Прошло четверть века с тех пор, как Поленов окончил академию, и он уже не помнит академического гнета того времени, не помнит унизительных выговоров Исеева, впрочем, о многом он попросту не знает, не знает, как читались его откровенные высказывания в совете профессоров, как комментировали его полные веры в справедливость откровенные признания.
Конечно, это была его молодость, это была пора надежд. И нервы были еще молодыми и крепкими. Он горячился, но не огорчался надолго. Все это, скопившись, сказалось потом, после очень сильного переживания и после очень ответственной и сложной работы — всего того, что стоило ему столько душевных сил. Но честь и слава ему, что при всем том он остался тверд в своих убеждениях, не пошел ни на какие компромиссы, ни на какие сделки с совестью, касалось ли это передвижников или академии — все равно.
Спустя еще два с лишним года, в конце 1899-го, у И. И. Толстого был случайный разговор с И. П. Хрущовым, и Хрущов написал об этом Поленову, рекомендуя ему пересмотреть свой отказ, ибо Толстой искренне хочет видеть его в составе профессоров.
С Толстым, надо отдать ему справедливость, и впрямь произошли благотворные перемены.
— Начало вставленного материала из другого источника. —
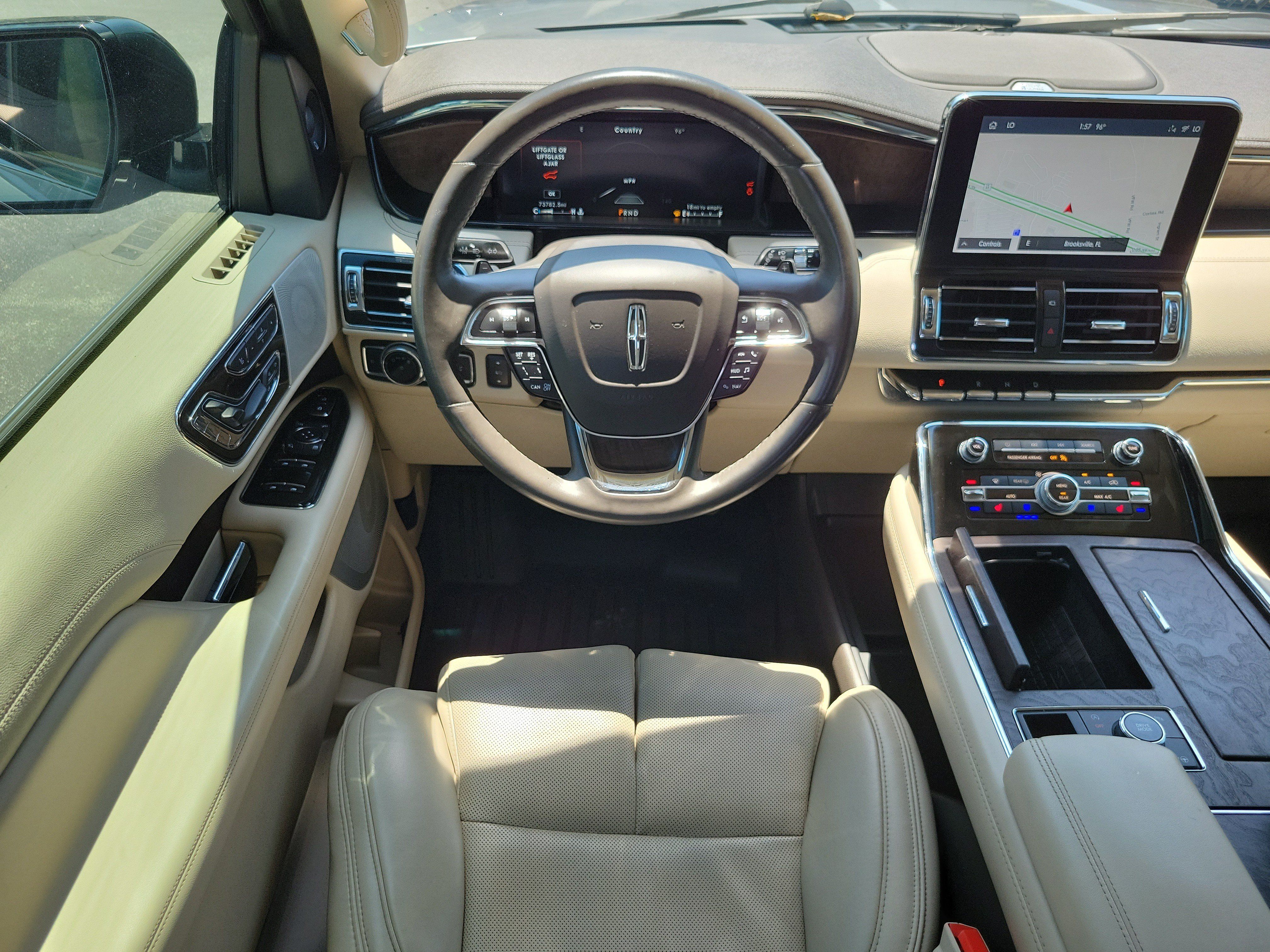 Used 2021 Lincoln Navigator Reserve w/ Luxury Package AWD/4WD image 22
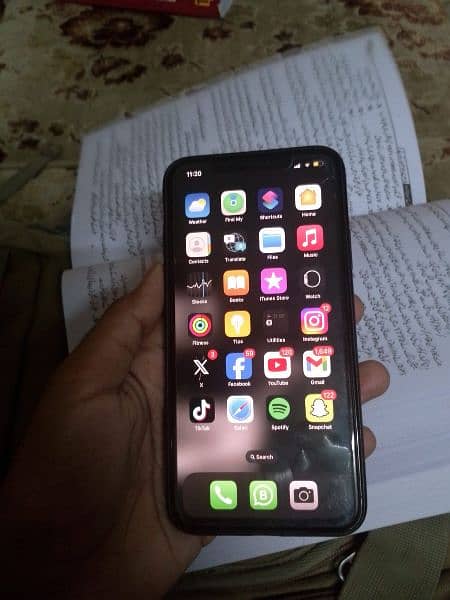 iphone 11 pro max 1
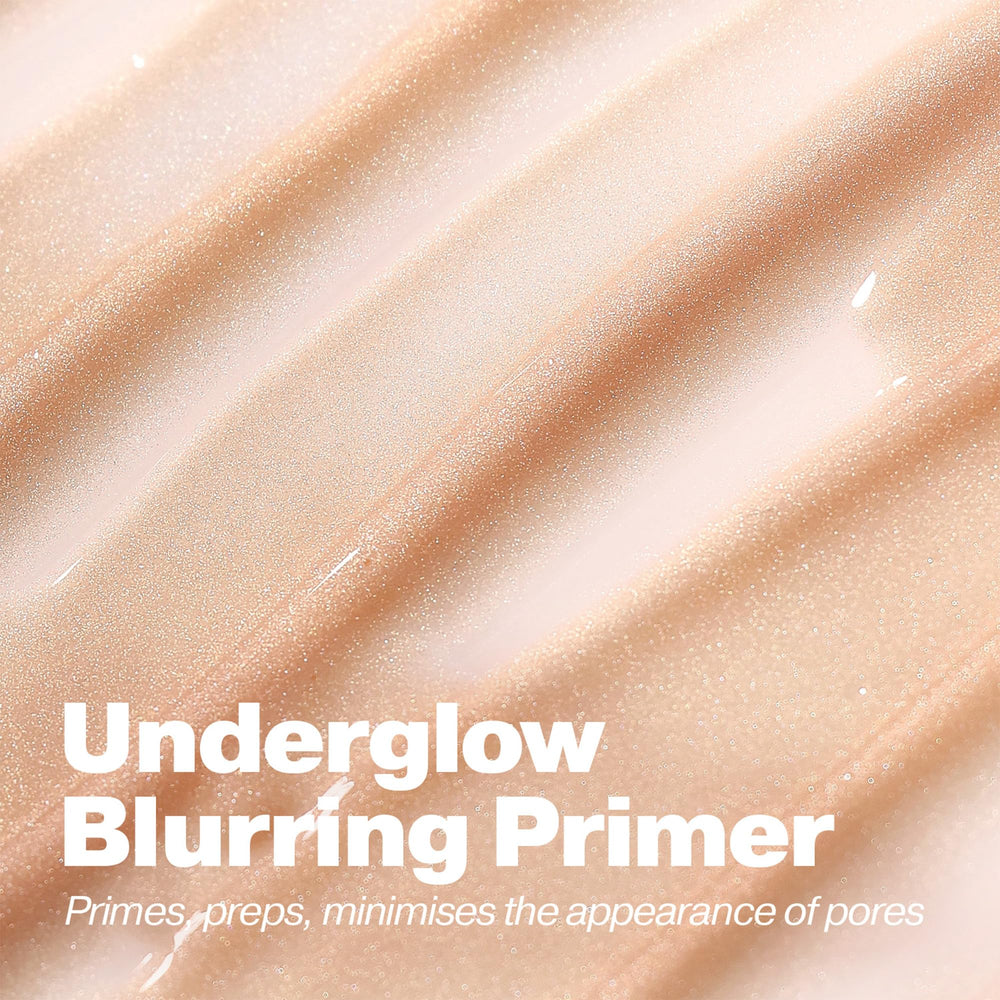 ICONIC LONDON Underglow Blurring Primer muestra textura cremosa para suavizar la piel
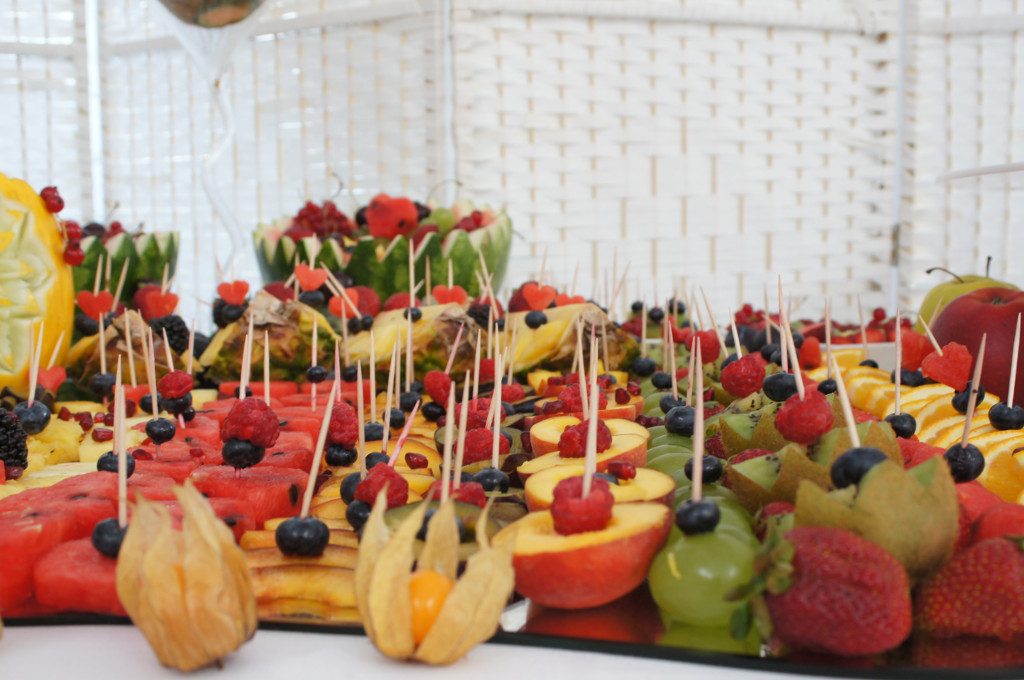 stół owocowy, dekoracje owocowe, fruit carving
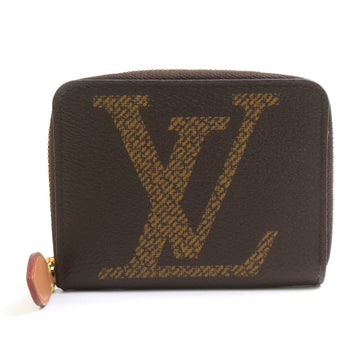 Louis Vuitton Giant Zippy Coin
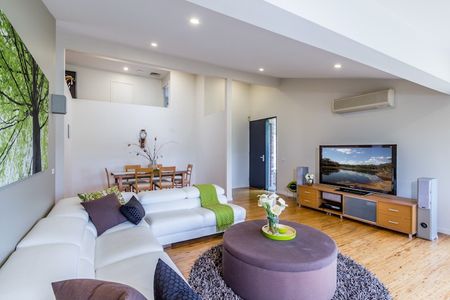 Beautiful Family Home! - Photo 2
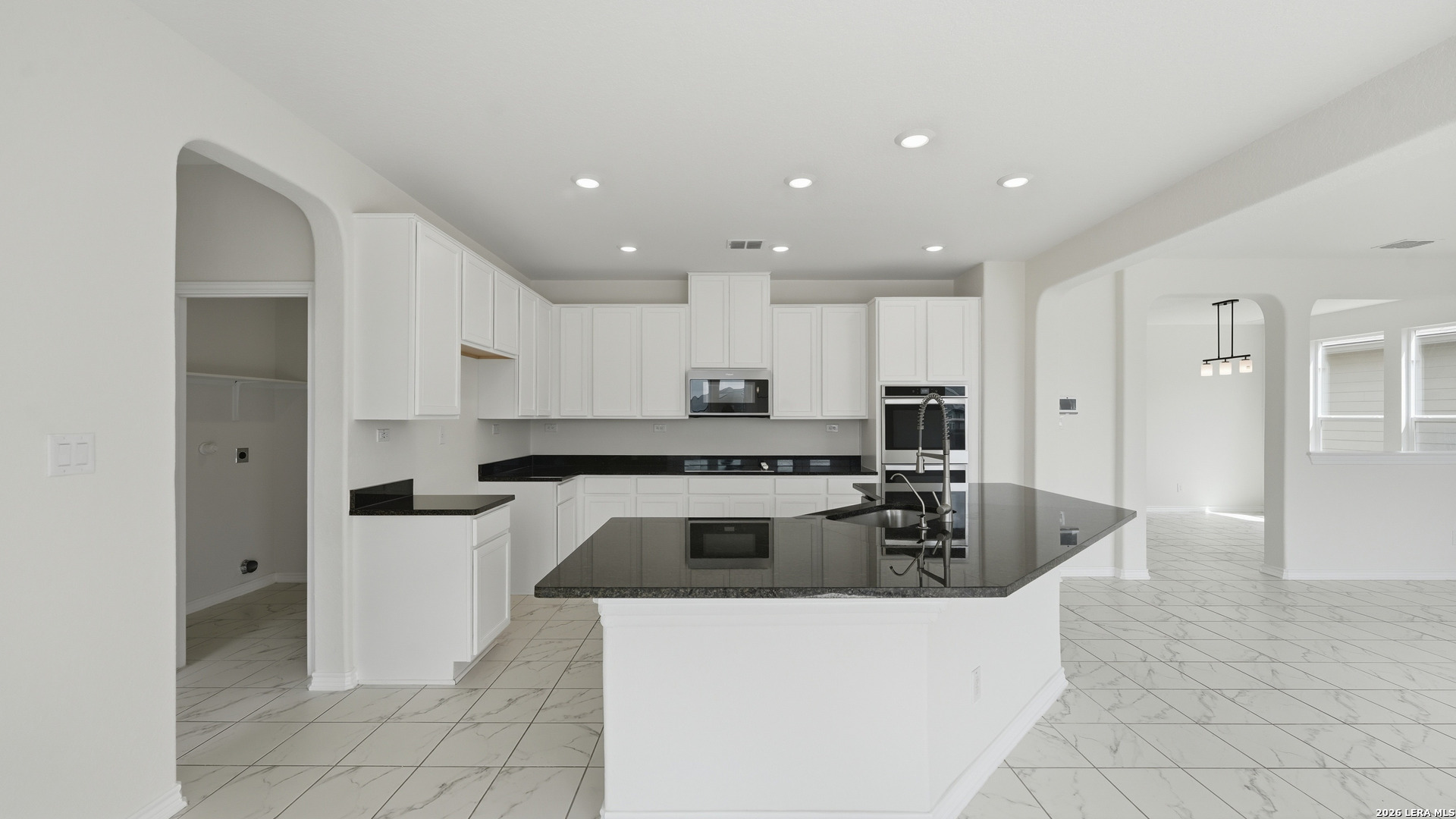 7826 Kingfisher Landing San Antonio TX 78253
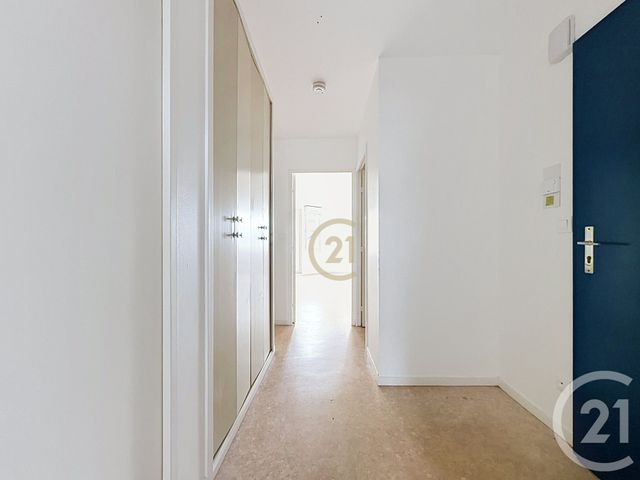 Appartement T3 à vendre - 3 pièces - 68.32 m2 - ANGERS - 49 - PAYS-DE-LOIRE - Century 21 Agence Plantagenêt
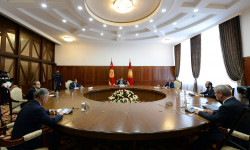 Президент ЖККУ ПА Кеңешинин жыйынында олуттуу маселелер көп экенин белгиледи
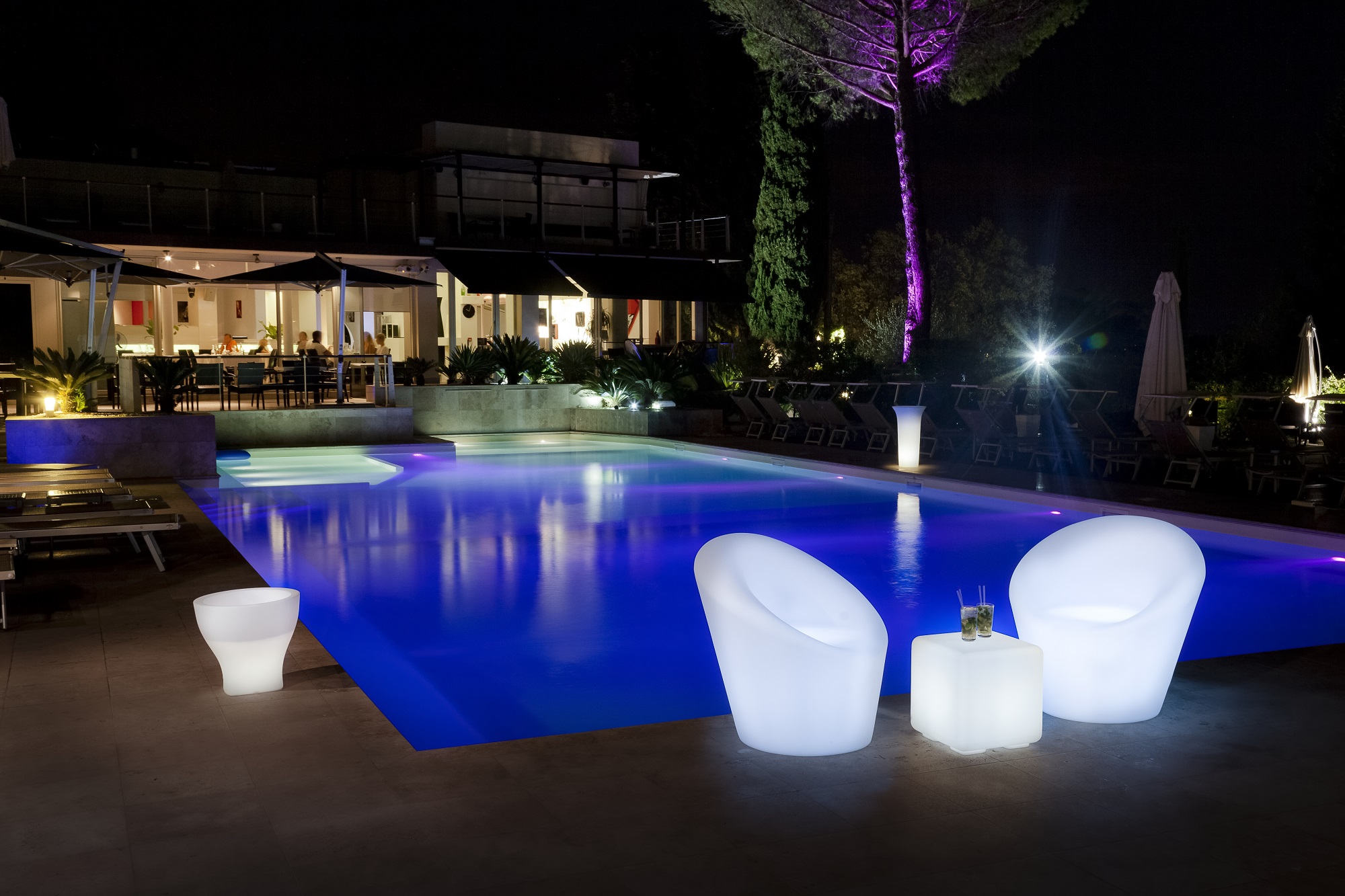 muebles con iluminación LED para decorar jardines, terrazas y pubs nocturnos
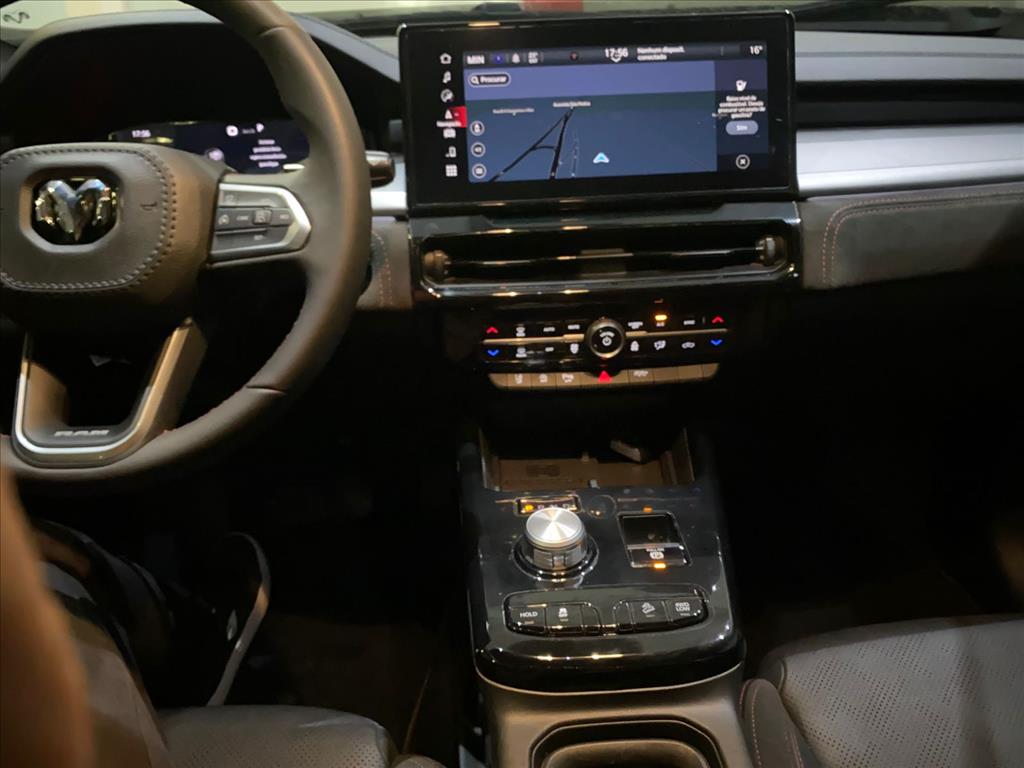 RAMPAGE 2.0 HURRICANE 4 TURBO GASOLINA R/T 4X4 AUTOMÁTICO11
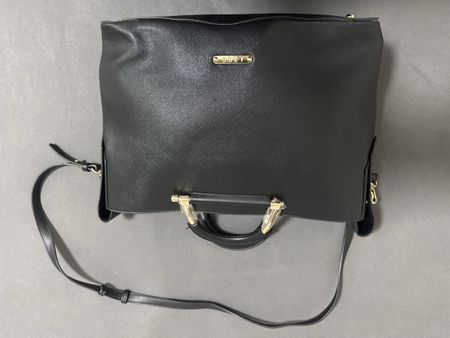 LYDC London Handtasche Schwarz mit goldenen Details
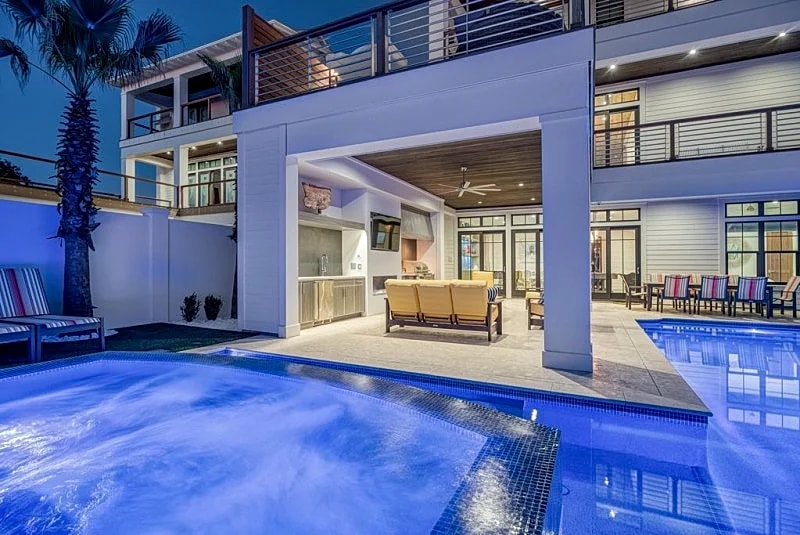Park Row Twelve - Brand New Home Property overview in Destin, Florida, United States — photo 2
Став вице-президентом академии, он всячески способствовал мирискусникам; на него огромное влияние имел Серов, а через Серова Бенуа и Дягилев.
Но воспринять такие тонкие нюансы изменений во взглядах людей, с которыми он видится редко, почти не общается, Поленов уже не может. Да и главное для него не Иван Иванович Толстой, а общий дух, царящий в академии. В академию пошли преподавать наиболее ретроградные передвижники. Среди них один Репин остается еще настоящим художником, но и о нем Поленов невысокого мнения, не как о художнике, конечно, а как о человеке.
И в заключение своего огромного письма Хрущову, в котором он излагает историю 1891–1892 годов, потом историю 1897 года, Поленов пишет почти те же слова, что в письмах Кузнецову и Чистякову: «Было время, когда я пошел бы в Академию не скажу с удовольствием, скорее со страхом, потому что задача была слишком велика и ответственна, но я должен был тогда идти. Теперь же это невозможно, работа моя в ходу, и я не хочу ее прерывать, а главное — там делаются дела, с которыми я не могу примириться. Не далее как два года тому назад заставили оттуда уйти человека, всей душою преданного Академии и молодежи, потому что он осмелился иметь свое мнение. Я говорю о Куинджи. Я же, когда имею свое мнение, то держусь его крепко, и выйти меня никто не заставит, могут выгнать, но такой финал меня не привлекает. Да вряд ли Академия меня привлекла бы, я не гожусь в ее ареопаг, там теперь заседают все больше почтенные и важные нигилисты, а я таковым никогда не был. Мой друг Илья Ефимович Репин когда — то назвал меня отсталым либералом, вот это было верно сказано».
И следующий абзац, после изъяснений в любви к Петербургу, к его архитектуре, каналам, к Неве с ее набережными, театрами, где пережил он столько восторгов, Поленов кончает такой фразой: «Но Петербург как центр русского фетишизма или попросту холопства мне противен до глубины души».